Feed crop production is 33% of all usable land on Earth.

– 70% of previously forested land in the Amazon is taken up by pasture.

– It takes around 2400 gallons of water per pound of meat to raise livestock.

– According to the UN Food and Agricultural Organization, rearing cattle generates more carbon dioxide than all of our methods of transportation combined.

– Livestock are responsible for 37% of all human activity related methane emissions, and methane has 23 times more global warming potential compared to carbon dioxide

– Livestock accounts for nearly two thirds of human related ammonia emissions.

– In the USA, Livestock are responsible for over half of the country’s erosion and sediment issues.

– 30% of the earth’s land surface which was once wildlife habitat is now occupied by livestock.

– The world’s total meat supply was 71 million tons in 1961.

– In 2007, meat supply was estimated to be 284 million tons.

– World meat consumption is expected to double again by 2050.

What do all these numbers mean? What they mean is when the discussion of environmental degradation and global warming comes up; the livestock industry must be included when trying to focus on the main causes. The process of raising, slaughtering, packaging, transporting, and consuming beef, pork, and poultry adversely affects our global footprint exponentially.  It’s absolutely insane how many resources are devoted to raising livestock, and our environment is drastically suffering for our gluttony when it comes to meat. Another thing to consider is that all of the feed crops and land that are devoted to raising livestock would produce enough crops fit for human consumption to easily accommodate our ever growing global population. We could even use a majority of that land to repopulate our decimated forests, and still have enough left over to grow crops!

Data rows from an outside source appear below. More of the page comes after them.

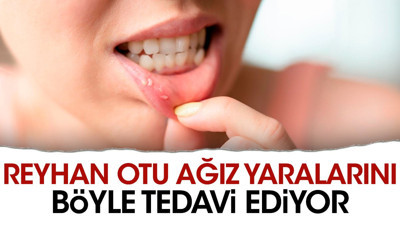 Reyhan otu ağız yaralarını böyle tedavi ediyor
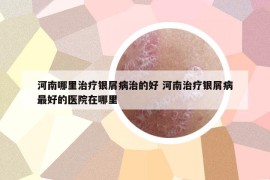 河南哪里治疗银屑病治的好 河南治疗银屑病最好的医院在哪里
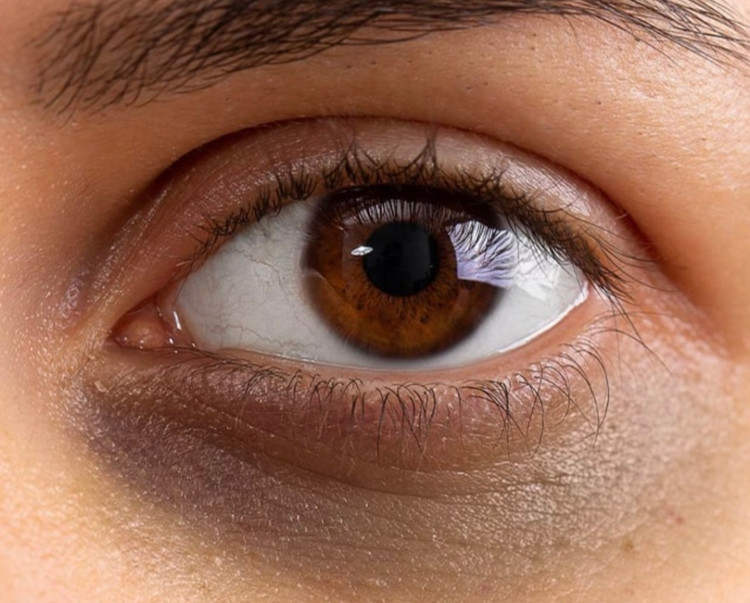 تیرگی دورچشم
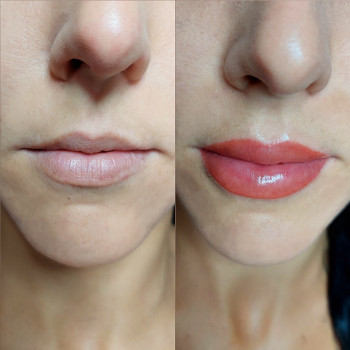 Elena Zilinskaya, Одесса Фото - 10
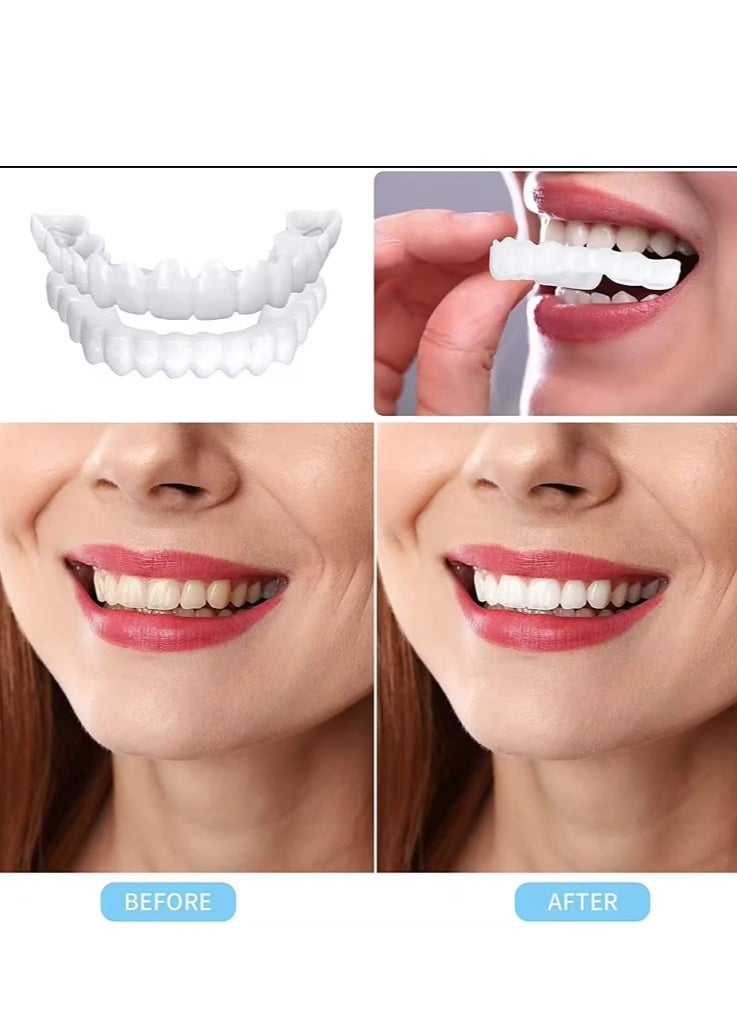 SNAP-ON - Adjustable Snap On Dentures, Temporary Teeth Repair Kit Correct Denture Alignment For Temporary Teeth Replacement - Image 1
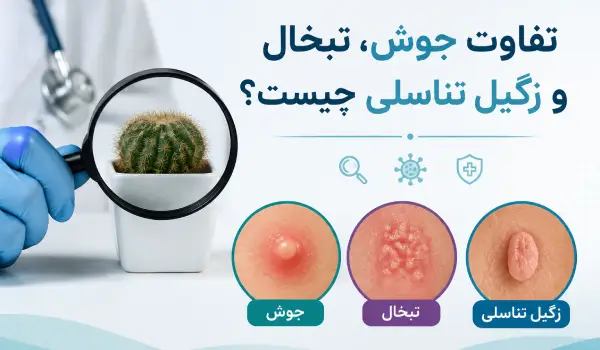 عکس زگیل تناسلی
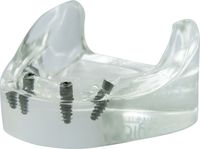 
Demo model in acrylic, tioLogic® TWINFIT, mandible, edentulous, 4 implants, without prosthetics
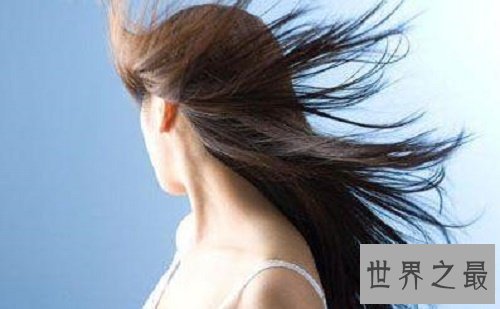 【图】头皮屑多，他人总是晴空万里，而你却是四月飞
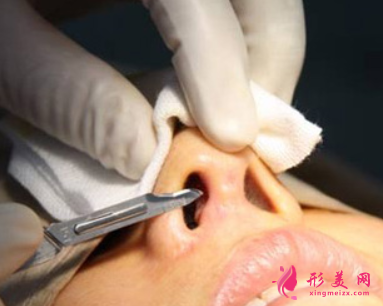 隆鼻假體取出后會(huì)有什么問題嗎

The environment is not the only thing affected by our over consumption of meat; if you take the time to consider how many antibiotics, steroids, and other growth hormones go into livestock to produce a better product, you just may swear off meat forever. It’s no wonder health costs are forever rising in America; we’re poisoning ourselves every time we grill up that steak, or buy a hamburger at McDonalds. Not only are we poisoning ourselves from the chemicals in meat, we’re contributing to our own obesity, and clogging our arteries with all the fat and tri-glycerides that we subject our bodies to by eating as much meat as we do.

If we truly are going to dedicate ourselves to saving the environment as well as become a healthier country over all, we must make some drastic changes in the way we consume meat. First of all, we have to cut back. The average person will do just fine eating 2-3 four ounce portions of meat a week. Our bodies weren’t made to process so much meat in the first place.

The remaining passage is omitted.